▶ **Data supplied**
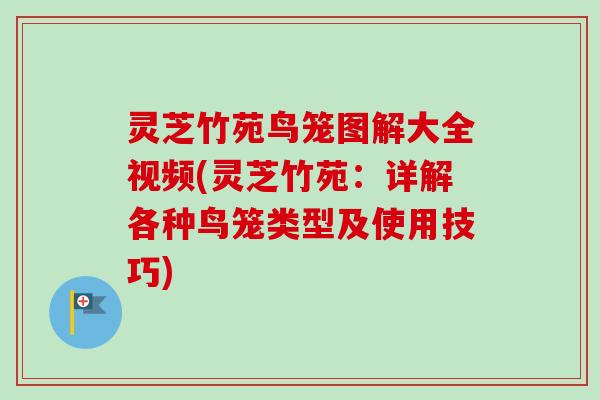 灵芝竹苑鸟笼图解大全视频(灵芝竹苑：详解各种鸟笼类型及使用技巧)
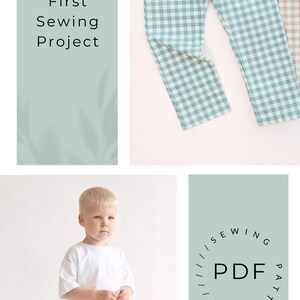 May include: Blue and white gingham pattern pants. The image also shows a child wearing similar pants with a white t-shirt. Text on the image says "Perfect First Sewing Project" and "PDF Pattern".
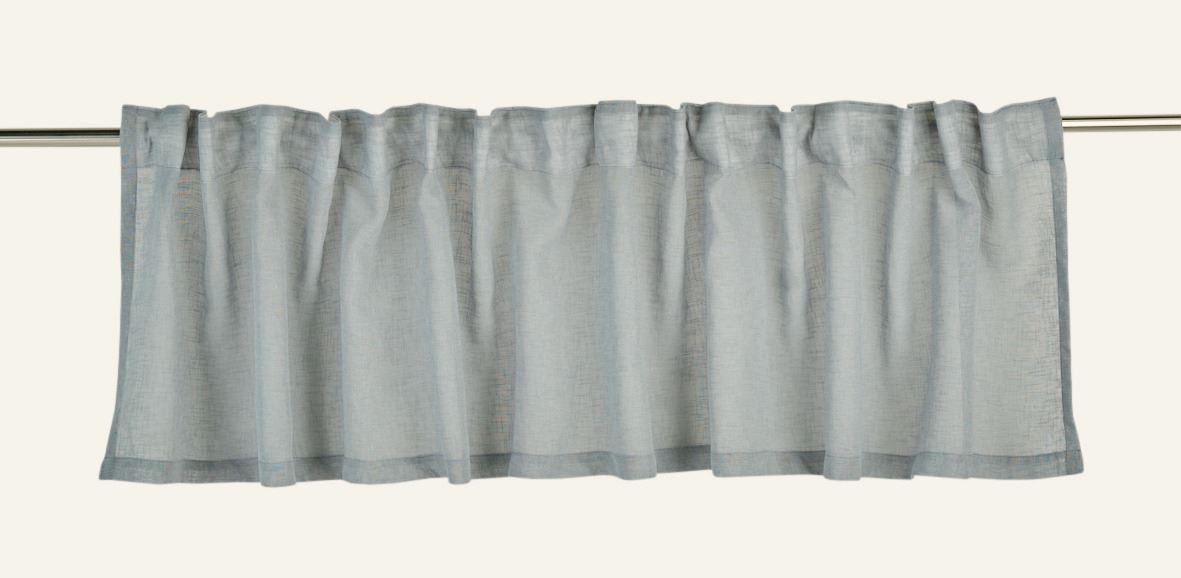 Scheibengardine Grau-blau - 250x50 cm Grau-blau - 1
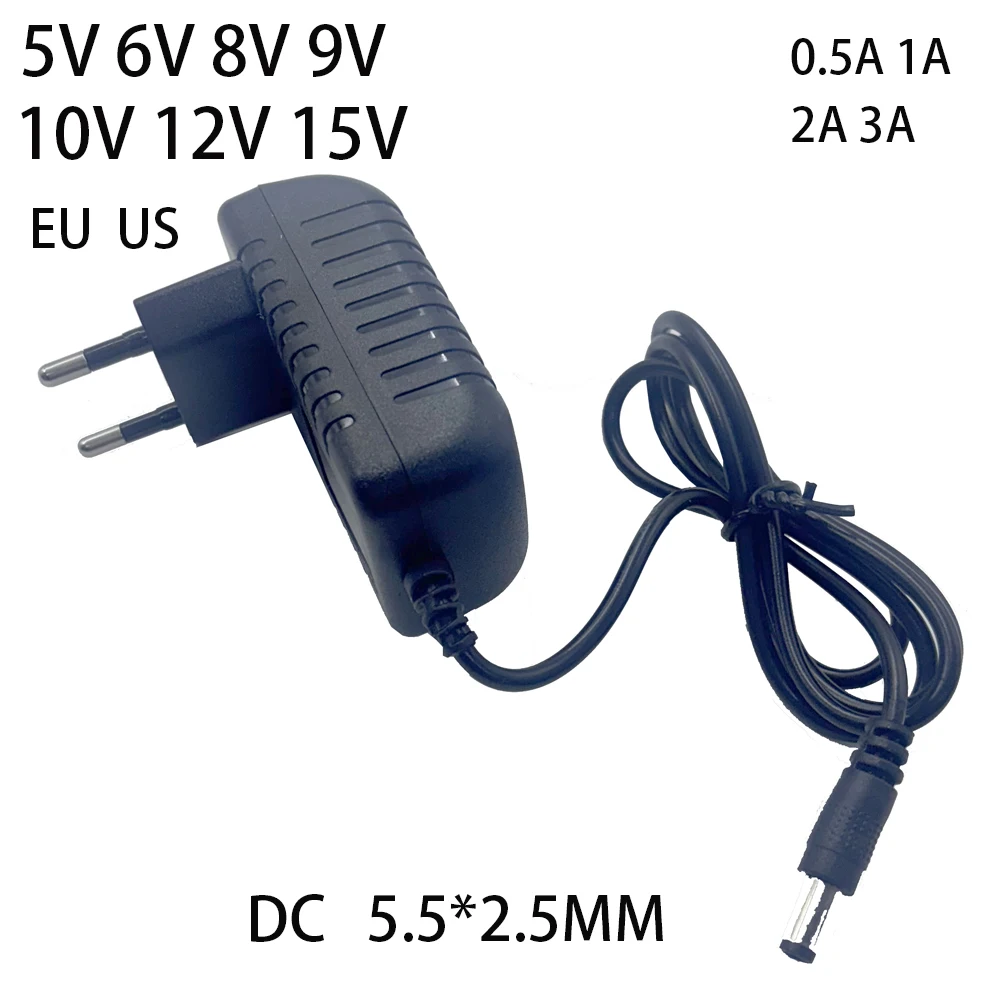 5 فولت 6 فولت 8 فولت 9 فولت 10 فولت 12 فولت 15 فولت 0.5A 1A 2A 3A العالمي التيار المتناوب/تيار مستمر محول التيار الكهربائي مهايئ شاحن الاتحاد الأوروبي الولايات المتحدة لشرائط مصباح ليد CCTV #3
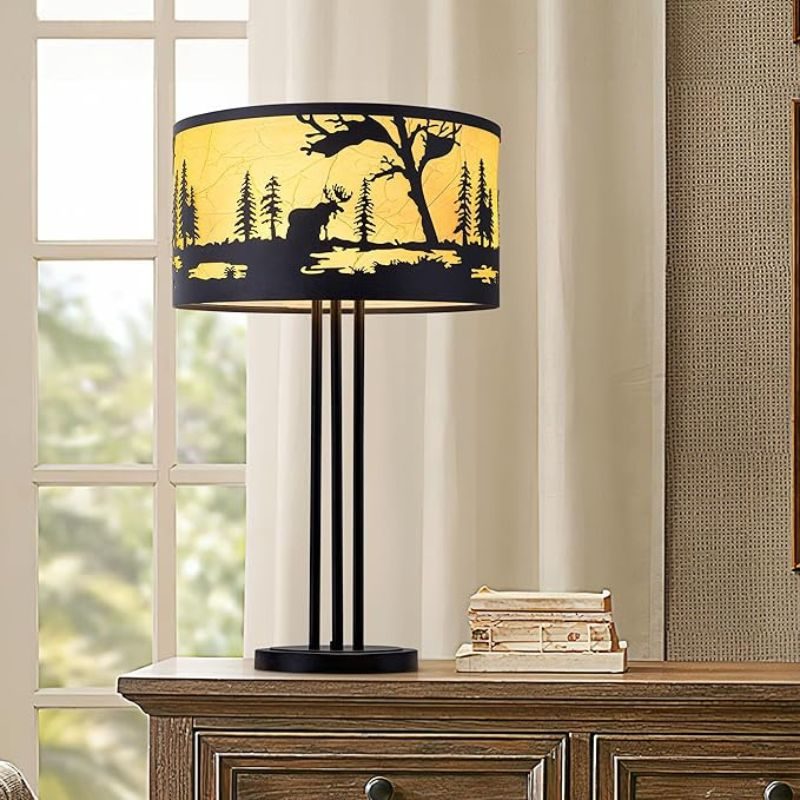 Wellmet Black Table Lamp, 4 Lights Drum Shade Dining Table Lamp, Farmhouse Rustic Western Lamps for Living Room, Bedroom, Desk, Office,Reading Room, Corridor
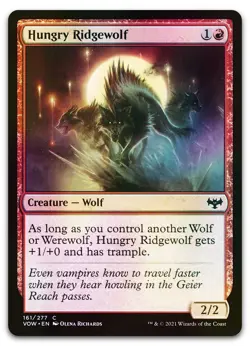 Hungry Ridgewolf #161 (Foil) (NM) Crimson Vow VOW Magic MTG - Image 1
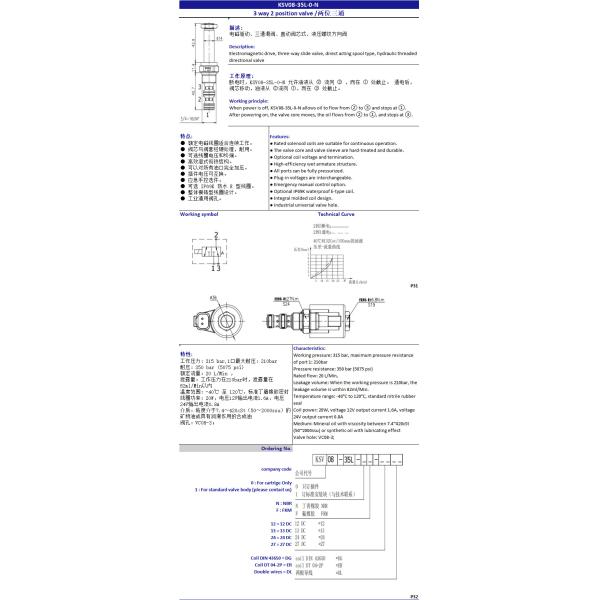 Plug In Cartridge Solenoid Valve 3 Way 2 Position Flow Control Valve
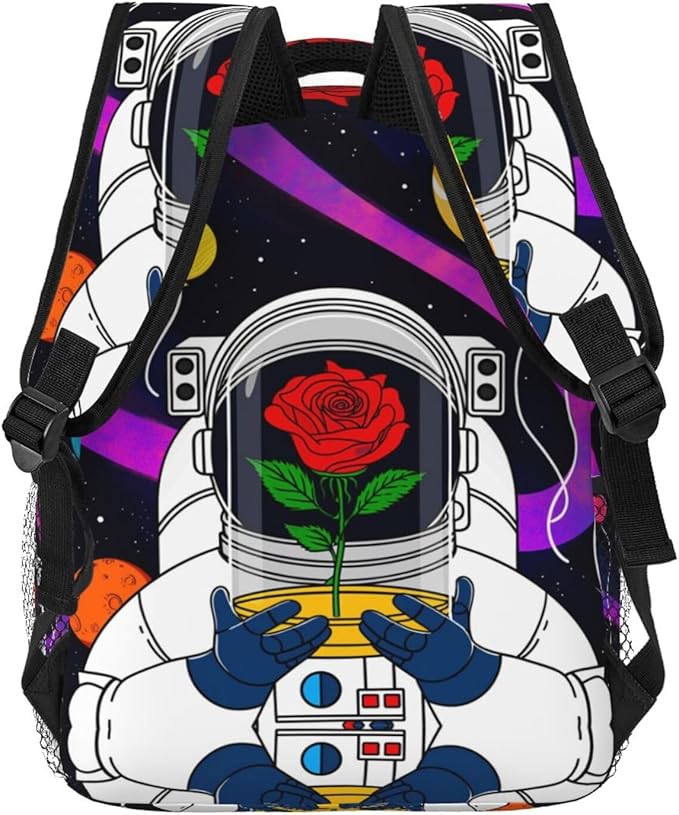 Daypack Bookbag Multipurpose Anti-Theft Big Capacity Carry On Bag,Astronaut Starry Sky Roses Colorful Planet Art Travel Hiking Camping Rucksack With Padded Straps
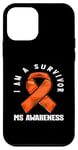 Coque pour iPhone 12 mini Ruban orange pour sensibilisation à la sclérose en plaques Survivor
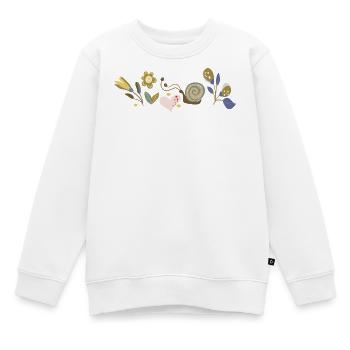 Blumen mit Schnecke - Kinder Premium Organic Sweatshirt - Weiß - Vorne - AI Model Kid Male (0cm)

▶ **Aim of the task**
From the first line of the entries down to the line with "Wellmet Black Table", print each line exactly; omit any picture.

▶ **Problem solution**
 灵芝竹苑鸟笼图解大全视频(灵芝竹苑：详解各种鸟笼类型及使用技巧)
 May include: Blue and white gingham pattern pants. The image also shows a child wearing similar pants with a white t-shirt. Text on the image says "Perfect First Sewing Project" and "PDF Pattern".
 Scheibengardine Grau-blau - 250x50 cm Grau-blau - 1
 5 فولت 6 فولت 8 فولت 9 فولت 10 فولت 12 فولت 15 فولت 0.5A 1A 2A 3A العالمي التيار المتناوب/تيار مستمر محول التيار الكهربائي مهايئ شاحن الاتحاد الأوروبي الولايات المتحدة لشرائط مصباح ليد CCTV #3
 Wellmet Black Table Lamp, 4 Lights Drum Shade Dining Table Lamp, Farmhouse Rustic Western Lamps for Living Room, Bedroom, Desk, Office,Reading Room, Corridor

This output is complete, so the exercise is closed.